By: KOCH A Source: QNP



DOOMADGEE and similar Aboriginal communities are ``cesspools'' that should be done away with, according to Aboriginal leader Murrandoo Yanner.
He said this would allow people to live on out-stations away from alcohol.
Mr Yanner said ATSIC had given Aboriginal land councils money to buy land, but they would not allow the people to then occupy that land.
Instead they were forced to stay on communities where, according to Mr Yanner, some council officials were ``ripping off'' administration costs and building up empires because they controlled all the welfare payments made to community people.
``We know Doomadgee is a cesspool of violence, a cesspool of hopelessness and despair and suicides, child abuse and domestic violence,'' he said.
``We know this. We don't want to live like that. Our choice is to go bush.
``But the Government has never ever accepted our choice and ATSIC in particular has promoted the opposite _ so we are forced to continue to live in these circumstances simply for expediency.
``It is easier to count heads and distribute pay and all that crap when everyone is in the same box.''
He said he had seen men badly affected by alcoholism who were chronic child and family abusers, but when they were taken to out-stations away from grog, they turned back into ``cultural warriors''.
``We don't need jail to get that result. They can go bush. That is the future for our mob,'' Mr Yanner said.
Doomadgee chairman Clarence Walden said the overcrowding in his community made it impossible to maintain decent housing, and he also was a strong advocate for people moving to bush out-stations.
Mr Walden escorted South African brothers Samora and Hlumelo Biko around the community, where they were shocked at the filth and squalor.
Mr Walden has been community chairman for nine months.
``At the moment, I have more than 30 people staying in my three-bedroom home and I'm the chairman,'' he said.
``I have been trying to get funding to repair the homes before the wet season is on us, but it is getting too late now. It is just impossible to get co-operation. Contractors come here and bring in their own labour.
``We have 80 percent unemployment, yet we can't get more than one or two workers on buildings being put up on our own community. That's going to stop, I can tell you.''
Doomadgee now has a new community centre at which films are shown and cultural and dance events are held.

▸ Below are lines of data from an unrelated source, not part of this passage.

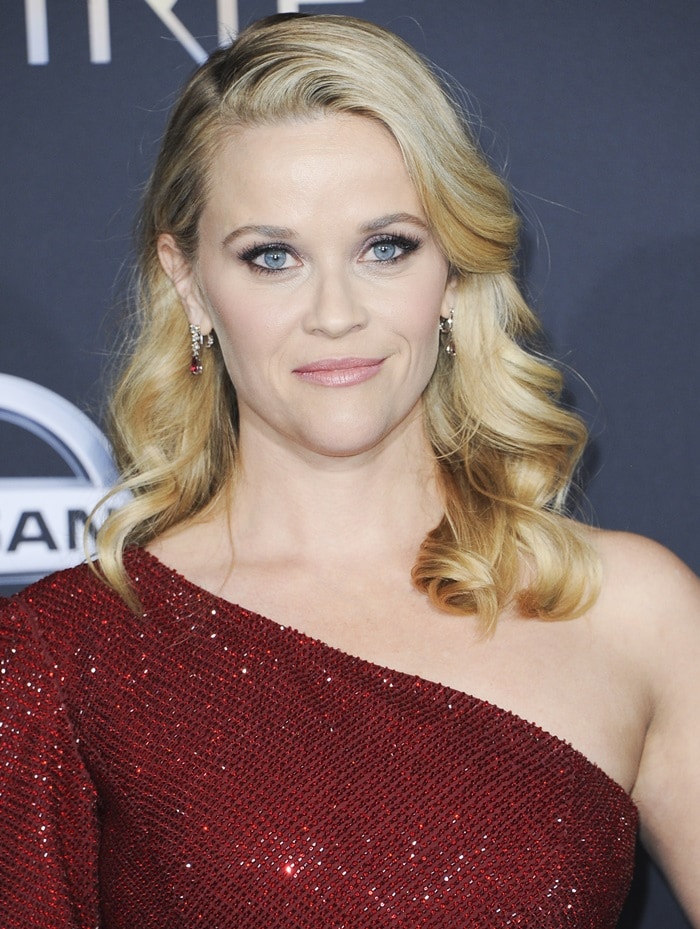 Reese Witherspoon’s softly waved blonde hair, smoky eye makeup, and ruby drop earrings complement the rich claret tone of her one-shoulder gown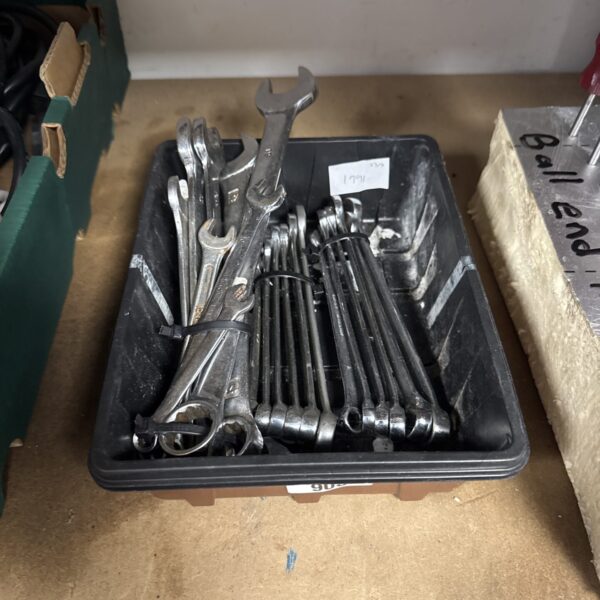Assorted spanners in a tool lot, showing signs of wear.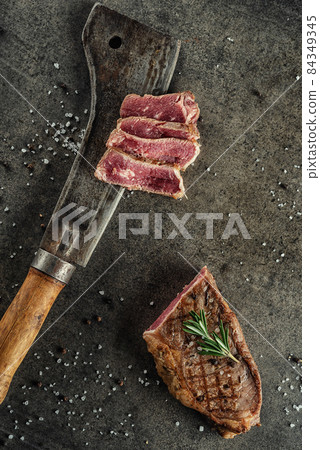 Grilled beef steak fillet with ingredients and herbs on black board, product image for restaurant 84349345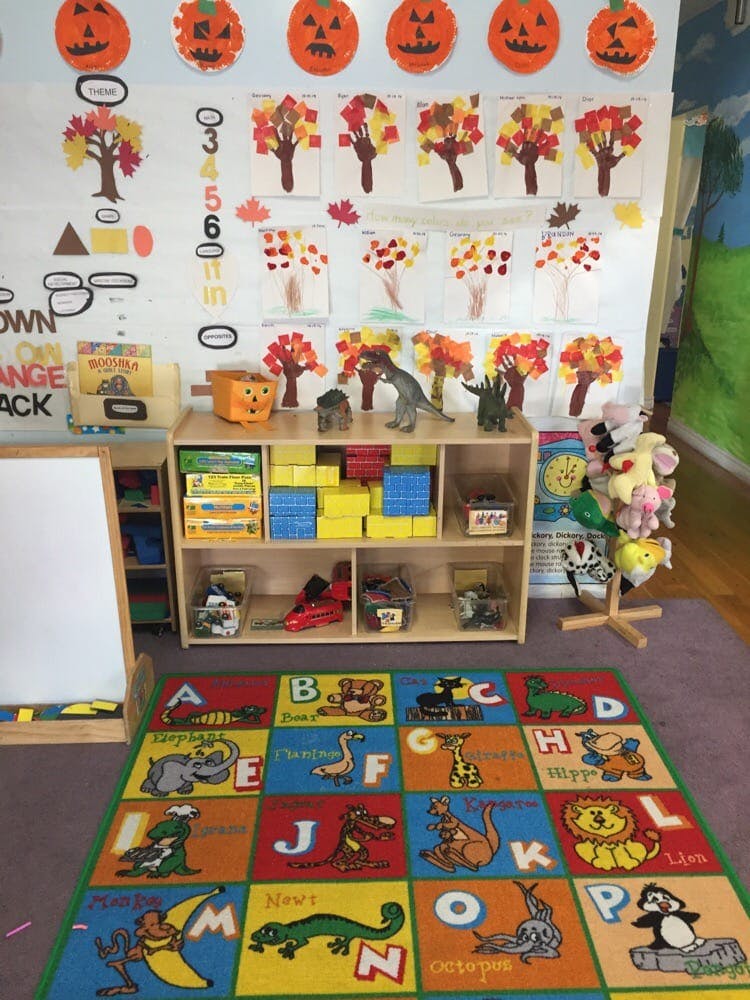 Classroom with fall-themed decorations, shelves of toys, and an alphabet rug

The new police station, watchhouse and police residences are all contained within a wired-off compound following riots a couple of years ago.
Police statistics show Doomadgee is one of the most violent communities in Queensland. For many years, young Aboriginal boys on the community bragged that they would commit a crime just to ``go down the line'' _ go to jail.
They reason that the meals are better, a lot of their mates are in there and it is a ``coming of age'' event to go to jail.